Vous avez peut-être vu passer, début septembre dernier, le scandale qu’a créé une clinique de Santa Barbara, en Californie. Des employé.e.s ont voulu faire le buzz sur tikTok en montrant les fluides laissés sur les chaises d’examen par des personnes clientes, après que celles-ci aient reçu des soins gynécologiques. La vidéo était accompagnée de phrases comme « Devinez la substance ! », avec les soignant.e.s, tout sourire et le pouce en l’air. Imaginez maintenant la personne cliente qui sort de cette clinique et voit ça.
Évidemment, cela a soulevé un tollé et la vidéo a été retirée dans les heures suivantes. Mais le Web était déjà enflammé. En mode gestion de crise, la clinique a rapidement congédié les fautifs et fautives. Elle a aussi fait paraître un communiqué, se confondant en excuses. Trop peu, trop tard, pourrions-nous dire.
Cela a permis d’entendre plusieurs médecins et professionnel.le.s de la santé s’exprimer à leur tour sur les plateformes sociales. Pour la plupart, un même message : pourquoi avoir fait ça alors que c’est déjà difficile pour la clientèle d’accorder sa confiance aux médecins et, particulièrement, aux gynécologues ?
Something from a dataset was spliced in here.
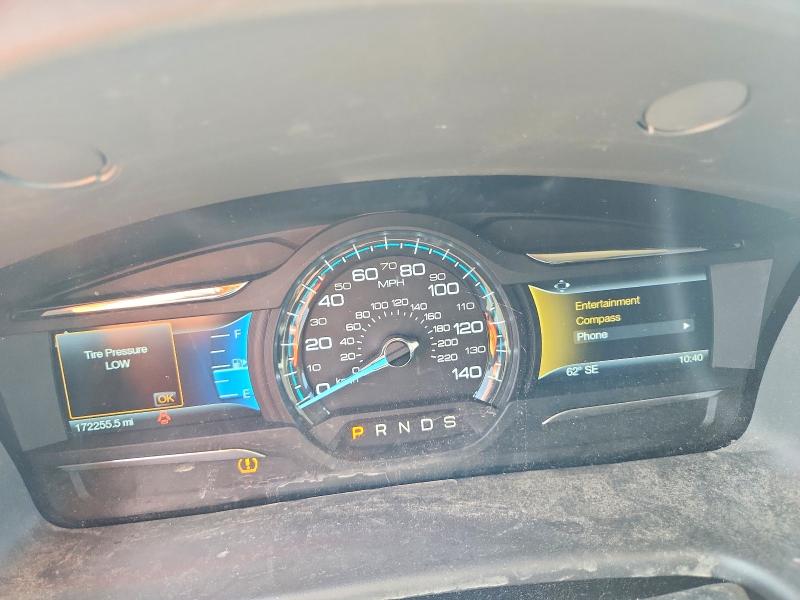 Продаж на аукціоні авто 2014 Ford Flex, vin: 2FMHK6C8XEBD23099, номер лоту: 61755866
Ce qui nous amène à notre question initiale : pourquoi il existe encore une peur d’aller chez le ou la gynécologue ?
Un examen vulnérabilisant
Évidemment, ce genre d’événement n’aide pas, mais un examen gynécologique, c’est aussi extrêmement vulnérabilisant. Le bas du corps mis à nu, les pieds sur les étriers, un spéculum inséré dans le vagin, la tête d’un.e gynéco entre les jambes; on a connu plus confortable. D’ailleurs, le médecin, écrivain et allié féministe français Martin Winckler a déjà dit qu’il suggérait à tout médecin de tester cette posture. Le but avoué ? Se mettre dans la peau des personnes qui y passent, question d’humaniser leur pratique.
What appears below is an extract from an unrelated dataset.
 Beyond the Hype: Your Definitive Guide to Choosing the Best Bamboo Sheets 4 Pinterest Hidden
Bref, la plupart du temps, ce n’est pas une partie de plaisir. Mais au-delà de l’examen lui-même, il y a aussi toute la relation de pouvoir qui est présente. Être en face d’une figure d’autorité médicale – sarrau blanc à l’appui – peut être rassurant, mais aussi déstabilisant. Pour plusieurs personnes, cela constitue un frein à nommer ses besoins et limites. De plus, les violences gynécologiques et obstétricales sont bien réelles. D’ailleurs, en 2022 lors d’une entrevue à Radio-Canada, la directrice générale de la Société des obstétriciens et gynécologues du Canada (SOGC), Diane Francoeur, reconnaissait leur existence. Elle disait vouloir « tout faire et tout mettre en œuvre pour que ça cesse ».
Différentes sources de stress et d’anxiété
Parmi les craintes et problématiques fréquemment évoquées par les personnes soignées, on pointe celles-ci :
- Un manque de communication sur les gestes posés et les examens administrés. C’est-à-dire une absence de consentement éclairé face aux soins offerts;
- La peur du jugement : face au poids, à l’hygiène corporelle, à la gestion de la pilosité, aux choix contraceptifs, mais également face à la vie sexuelle (ex.: avoir plusieurs partenaires, préjugés sur l’orientation sexuelle, etc.);
- L’infantilisation qui est parfois ressentie face au personnel médical qui se place en position d’autorité face à la personne soignée, même si celle-ci est l’experte de son propre corps et son ressenti;
- La douleur ou l’inconfort physique minimisée par les personnes soignantes;
- Le fait que, pour de nombreuses personnes encore, aborder tout ce qui se passe en bas de la ceinture est difficile, voire tabou. Que ce soit pour des raisons culturelles, religieuses ou personnelles;
- Des antécédents traumatiques qui ne sont pas pris en compte ou banalisés (ex. : violences gynécologiques, obstétricales, sexuelles, médicales, etc.).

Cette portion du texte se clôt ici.